[...] Procuro dizer o que sinto
Sem pensar em que o sinto.
Procuro encostar as palavras à ideia
E não precisar dum corredor
Do pensamento para as palavras.
Nem sempre consigo sentir o que sei que devo sentir.
O meu pensamento só muito devagar atravessa o rio a nado
Porque lhe pesa o fato que os homens o fizeram usar.
Procuro despir-me do que aprendi,
Procuro esquecer-me do modo de lembrar que me ensinaram,
E raspar a tinta com que me pintaram os sentidos,
Desencaixotar as minhas emoções verdadeiras,
Desembrulhar-me e ser eu, não Alberto Caeiro,
Mas um animal humano que a Natureza produziu.
E assim escrevo, querendo sentir a Natureza, nem sequer como um homem,
Mas como quem sente a Natureza, e mais nada.
E assim escrevo, ora bem ora mal,
Ora acertando com o que quero dizer ora errando,
Caindo aqui, levantando-me acolá,
Mas indo sempre no meu caminho como um cego teimoso [...].
(Alberto Caeiro – O guardador de rebanhos).
Nós homens somos herdeiros de uma tradição cultural e doutrinária que apostou todas as “suas fichas” naracionalização como critério para verdade. Isso produziu uma desconfiança com relação à vida emocional e afetiva, criando um fosso entre a “cabeça” e o “coração”. Dessa forma passamos a acreditar que tudo que vem do “coração” (os afetos principalmente) deve ser evitado. Nesse sentido damos ênfase à educação das habilidades totalmente dependente da razão.
Será que essa aposta na suficiência da razão e das habilidades é mesmo suficiente para a formação de nosso ser, de nossa masculinidade?
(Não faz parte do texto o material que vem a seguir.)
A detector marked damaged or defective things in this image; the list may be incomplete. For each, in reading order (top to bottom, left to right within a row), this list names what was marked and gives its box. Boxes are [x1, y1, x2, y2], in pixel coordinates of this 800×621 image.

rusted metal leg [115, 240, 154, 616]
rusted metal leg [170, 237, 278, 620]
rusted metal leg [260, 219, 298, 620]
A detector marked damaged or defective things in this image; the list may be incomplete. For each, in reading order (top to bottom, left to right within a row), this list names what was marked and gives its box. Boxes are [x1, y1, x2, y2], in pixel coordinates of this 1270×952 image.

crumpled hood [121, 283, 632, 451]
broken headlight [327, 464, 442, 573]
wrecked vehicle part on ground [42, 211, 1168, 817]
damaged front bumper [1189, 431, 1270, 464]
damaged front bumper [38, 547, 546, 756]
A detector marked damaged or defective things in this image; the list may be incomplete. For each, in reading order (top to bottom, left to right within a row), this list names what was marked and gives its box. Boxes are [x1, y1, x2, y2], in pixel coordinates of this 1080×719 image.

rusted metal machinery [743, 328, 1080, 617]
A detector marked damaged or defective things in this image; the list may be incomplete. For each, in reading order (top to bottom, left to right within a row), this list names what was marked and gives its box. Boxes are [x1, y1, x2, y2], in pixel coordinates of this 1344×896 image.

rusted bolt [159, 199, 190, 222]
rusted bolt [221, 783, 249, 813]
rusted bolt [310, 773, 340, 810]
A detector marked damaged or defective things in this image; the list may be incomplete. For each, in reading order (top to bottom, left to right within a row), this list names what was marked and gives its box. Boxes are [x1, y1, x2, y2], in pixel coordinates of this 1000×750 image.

Não seria necessário articular às habilidades também as sensibilidades? Uma educação das sensibilidades, isso nos parece urgente. Um processo educativo que aceite o desafio de articular habilidades e sensibilidades para a formação integral de nossa masculinidade.
Contudo, para aderir a tal compromisso é preciso fazer como sugere o poeta: Procuro despir-me do que aprendi/ Procuro esquecer-me do modo de lembrar que me ensinaram/ E raspar a tinta com que me pintaram os sentidos/ Desencaixotar as minhas emoções verdadeiras.